Alzheimer's disease (AD) is characterized by neuronal death, neurofibrillary tangles, and senile plaques. Amyloid-beta (A beta) is the major component of plaques and consists of two prominent isoforms, A beta(40) and A beta(42). As many risk factors for AD are vascular in origin and blood vessel defects in clearing A beta from the brain are a potential key component of AD pathology, we have focused on the neuron-blood vessel interface, and in particular, the vascular basement membrane, which coats blood vessels and physically separates them from neurons. A prominent component of the vascular basement membrane is the extracellular matrix proteoglycan perlecan. Domain V (DV) is the C-terminal domain and is generated by perlecan proteolysis. DV interacts with the alpha 2 integrin and A beta is a ligand for both alpha beta 21 and alpha v beta 1. Due to the known interaction of DV with alpha 2 beta 1 and alpha 2 beta 1's requirement for A beta deposition and neurotoxicity, we hypothesized that DV and/or its C-terminal domain, LG3, might alter neurotoxic signaling pathways by directly blocking or otherwise interfering with alpha 2 beta 1 binding by A beta. Our study suggests that alpha 2 beta 1 mediates A beta-induced activation of c-Jun and caspase-3, key components of the neurotoxic pathway, in primary cortical and hippocampal neurons.
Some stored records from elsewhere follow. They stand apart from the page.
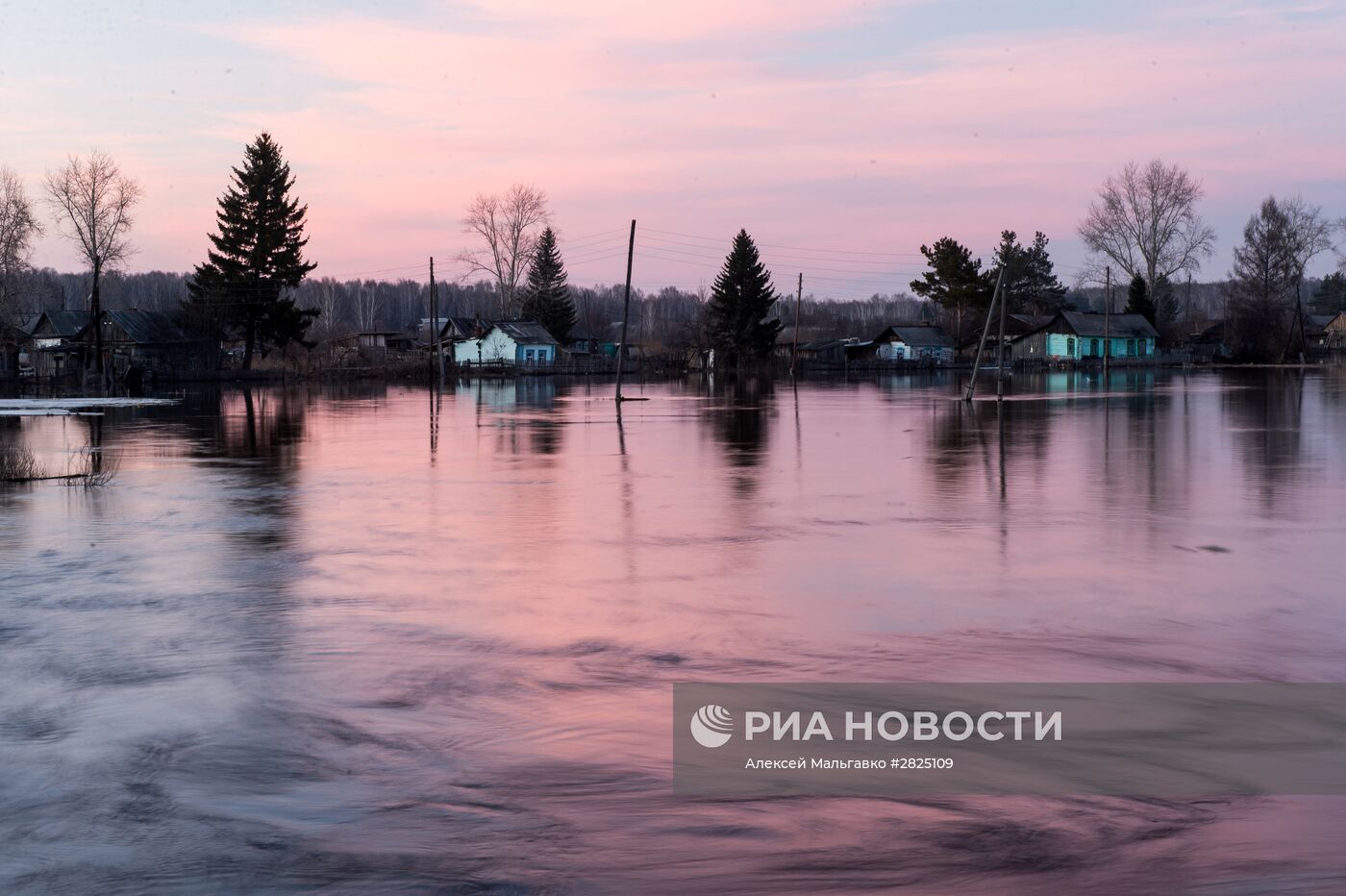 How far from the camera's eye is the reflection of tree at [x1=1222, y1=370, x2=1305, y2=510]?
19.8 m

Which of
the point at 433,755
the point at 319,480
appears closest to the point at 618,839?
the point at 433,755

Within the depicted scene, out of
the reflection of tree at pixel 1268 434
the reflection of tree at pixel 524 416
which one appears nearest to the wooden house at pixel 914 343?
the reflection of tree at pixel 524 416

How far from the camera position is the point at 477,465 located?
2334cm

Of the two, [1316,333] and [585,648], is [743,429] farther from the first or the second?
[1316,333]

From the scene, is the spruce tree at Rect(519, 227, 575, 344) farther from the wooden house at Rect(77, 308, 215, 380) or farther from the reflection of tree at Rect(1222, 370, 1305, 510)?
the reflection of tree at Rect(1222, 370, 1305, 510)

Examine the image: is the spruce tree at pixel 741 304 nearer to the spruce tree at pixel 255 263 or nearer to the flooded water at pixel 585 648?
the spruce tree at pixel 255 263

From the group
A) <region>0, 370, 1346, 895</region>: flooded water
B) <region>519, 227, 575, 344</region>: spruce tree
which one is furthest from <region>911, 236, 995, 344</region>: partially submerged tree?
<region>0, 370, 1346, 895</region>: flooded water

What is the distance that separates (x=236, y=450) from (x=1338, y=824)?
2483 centimetres

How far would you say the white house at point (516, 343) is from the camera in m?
111

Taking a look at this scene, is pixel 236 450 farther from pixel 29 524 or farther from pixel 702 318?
pixel 702 318

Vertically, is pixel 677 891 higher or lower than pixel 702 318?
lower

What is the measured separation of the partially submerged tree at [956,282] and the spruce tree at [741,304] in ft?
78.6

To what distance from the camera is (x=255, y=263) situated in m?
84.0

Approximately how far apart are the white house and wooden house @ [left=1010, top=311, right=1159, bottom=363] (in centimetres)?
4452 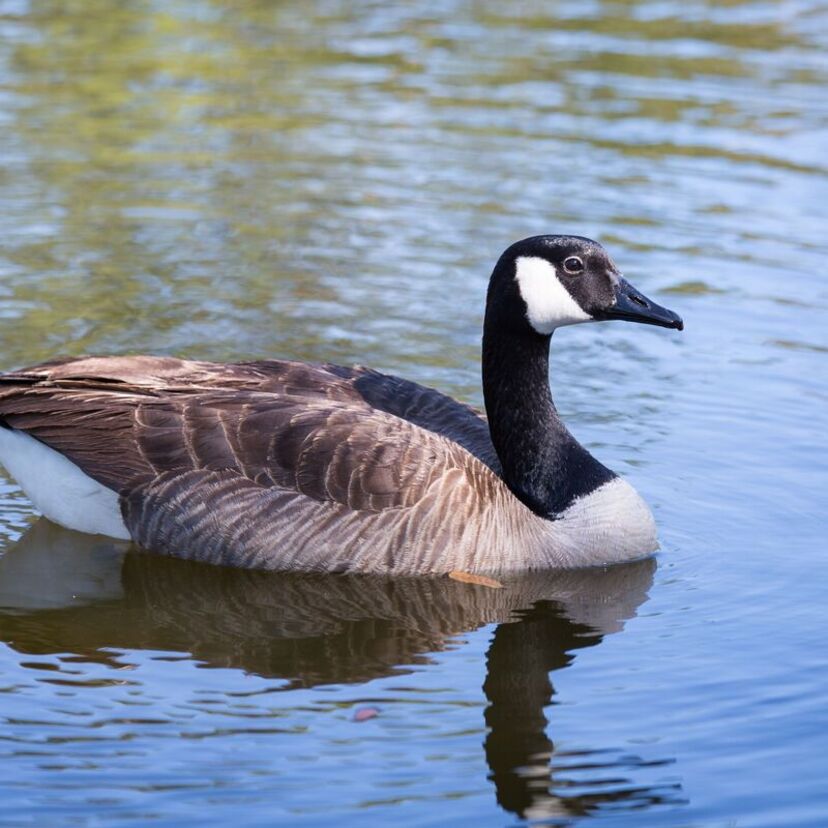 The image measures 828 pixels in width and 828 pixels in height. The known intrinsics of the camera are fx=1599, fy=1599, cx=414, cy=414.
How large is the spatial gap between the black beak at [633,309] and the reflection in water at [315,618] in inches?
63.0

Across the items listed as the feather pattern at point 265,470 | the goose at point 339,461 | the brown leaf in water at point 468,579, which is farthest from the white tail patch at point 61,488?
the brown leaf in water at point 468,579

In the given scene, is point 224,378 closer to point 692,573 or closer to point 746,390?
point 692,573

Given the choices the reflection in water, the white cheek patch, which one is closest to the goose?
the white cheek patch

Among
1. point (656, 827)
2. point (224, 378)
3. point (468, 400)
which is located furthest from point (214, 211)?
Answer: point (656, 827)

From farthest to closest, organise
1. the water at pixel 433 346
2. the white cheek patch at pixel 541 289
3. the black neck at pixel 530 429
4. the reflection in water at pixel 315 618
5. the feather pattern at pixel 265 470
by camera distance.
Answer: the black neck at pixel 530 429 → the white cheek patch at pixel 541 289 → the feather pattern at pixel 265 470 → the reflection in water at pixel 315 618 → the water at pixel 433 346

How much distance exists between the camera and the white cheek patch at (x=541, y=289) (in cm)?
1006

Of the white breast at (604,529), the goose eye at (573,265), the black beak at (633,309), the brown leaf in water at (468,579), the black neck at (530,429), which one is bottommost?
the brown leaf in water at (468,579)

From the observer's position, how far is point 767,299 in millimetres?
14625

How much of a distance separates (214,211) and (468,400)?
481cm

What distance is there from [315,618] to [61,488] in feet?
6.95

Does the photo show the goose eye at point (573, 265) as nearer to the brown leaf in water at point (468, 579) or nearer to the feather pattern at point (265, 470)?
the feather pattern at point (265, 470)

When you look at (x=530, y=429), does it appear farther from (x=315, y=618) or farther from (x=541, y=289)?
(x=315, y=618)

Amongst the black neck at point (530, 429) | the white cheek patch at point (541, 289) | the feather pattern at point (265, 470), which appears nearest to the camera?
the feather pattern at point (265, 470)

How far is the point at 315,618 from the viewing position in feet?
31.2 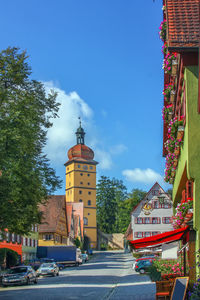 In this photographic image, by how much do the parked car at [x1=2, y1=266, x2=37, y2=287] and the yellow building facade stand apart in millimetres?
93063

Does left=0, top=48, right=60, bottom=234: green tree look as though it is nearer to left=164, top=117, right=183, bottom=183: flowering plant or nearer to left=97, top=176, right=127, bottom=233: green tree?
left=164, top=117, right=183, bottom=183: flowering plant

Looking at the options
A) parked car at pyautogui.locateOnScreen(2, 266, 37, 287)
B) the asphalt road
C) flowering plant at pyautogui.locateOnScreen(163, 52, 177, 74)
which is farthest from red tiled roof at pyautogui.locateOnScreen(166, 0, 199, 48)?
parked car at pyautogui.locateOnScreen(2, 266, 37, 287)

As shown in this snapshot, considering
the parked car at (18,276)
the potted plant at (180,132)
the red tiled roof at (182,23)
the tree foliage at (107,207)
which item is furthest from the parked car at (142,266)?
the tree foliage at (107,207)

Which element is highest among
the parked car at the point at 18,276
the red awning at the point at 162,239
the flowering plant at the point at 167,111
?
the flowering plant at the point at 167,111

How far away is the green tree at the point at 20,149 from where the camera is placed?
23.2 m

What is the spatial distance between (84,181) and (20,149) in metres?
116

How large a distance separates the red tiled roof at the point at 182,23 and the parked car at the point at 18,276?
70.0 feet

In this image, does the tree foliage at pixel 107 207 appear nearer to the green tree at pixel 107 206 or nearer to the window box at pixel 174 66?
the green tree at pixel 107 206

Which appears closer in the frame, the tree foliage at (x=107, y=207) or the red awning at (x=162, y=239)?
the red awning at (x=162, y=239)

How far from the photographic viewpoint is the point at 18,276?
30875 millimetres

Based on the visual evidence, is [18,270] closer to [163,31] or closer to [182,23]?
[163,31]

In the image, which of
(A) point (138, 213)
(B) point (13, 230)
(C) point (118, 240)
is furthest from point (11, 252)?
(C) point (118, 240)

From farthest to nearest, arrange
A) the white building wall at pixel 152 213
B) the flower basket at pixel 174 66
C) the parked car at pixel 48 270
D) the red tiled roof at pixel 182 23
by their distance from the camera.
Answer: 1. the white building wall at pixel 152 213
2. the parked car at pixel 48 270
3. the flower basket at pixel 174 66
4. the red tiled roof at pixel 182 23

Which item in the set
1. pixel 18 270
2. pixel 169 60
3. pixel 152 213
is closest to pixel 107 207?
pixel 152 213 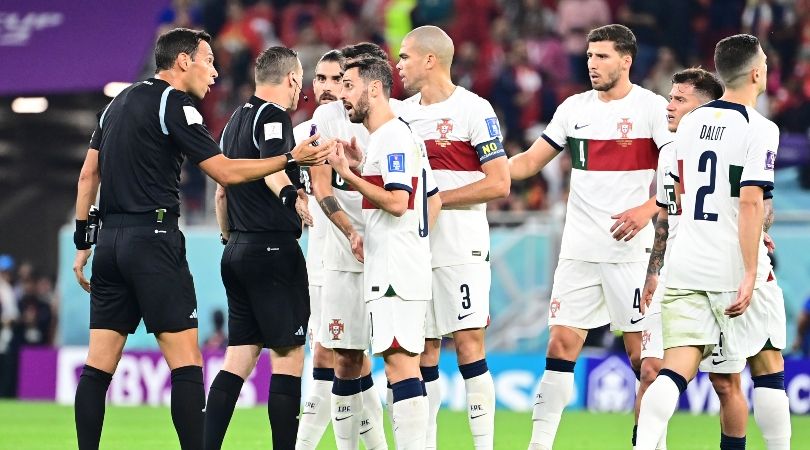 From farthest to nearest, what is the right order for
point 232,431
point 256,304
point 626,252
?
point 232,431 < point 626,252 < point 256,304

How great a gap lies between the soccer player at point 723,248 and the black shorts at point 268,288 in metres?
2.28

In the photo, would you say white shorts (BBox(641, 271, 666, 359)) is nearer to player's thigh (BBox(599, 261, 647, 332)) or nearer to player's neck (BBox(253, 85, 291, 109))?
player's thigh (BBox(599, 261, 647, 332))

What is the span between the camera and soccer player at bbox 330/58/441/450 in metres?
7.88

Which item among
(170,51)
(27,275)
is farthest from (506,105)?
(170,51)

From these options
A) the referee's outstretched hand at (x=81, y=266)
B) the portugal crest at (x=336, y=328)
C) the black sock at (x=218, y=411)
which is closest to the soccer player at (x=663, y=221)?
the portugal crest at (x=336, y=328)

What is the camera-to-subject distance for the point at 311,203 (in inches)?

We further demonstrate that DV and/or LG3 may therapeutically modulate these alpha 2 beta 1 mediated neurotoxic effects suggesting that they or other alpha 2 beta 1 integrin modulators could represent a novel approach to treat AD. Finally, our results suggest different neurotoxicity susceptibilities between cortical and hippocampal neurons to A beta(40) and A beta(42) as further underscored by differing neuroprotective potencies of LG3 in each cell type.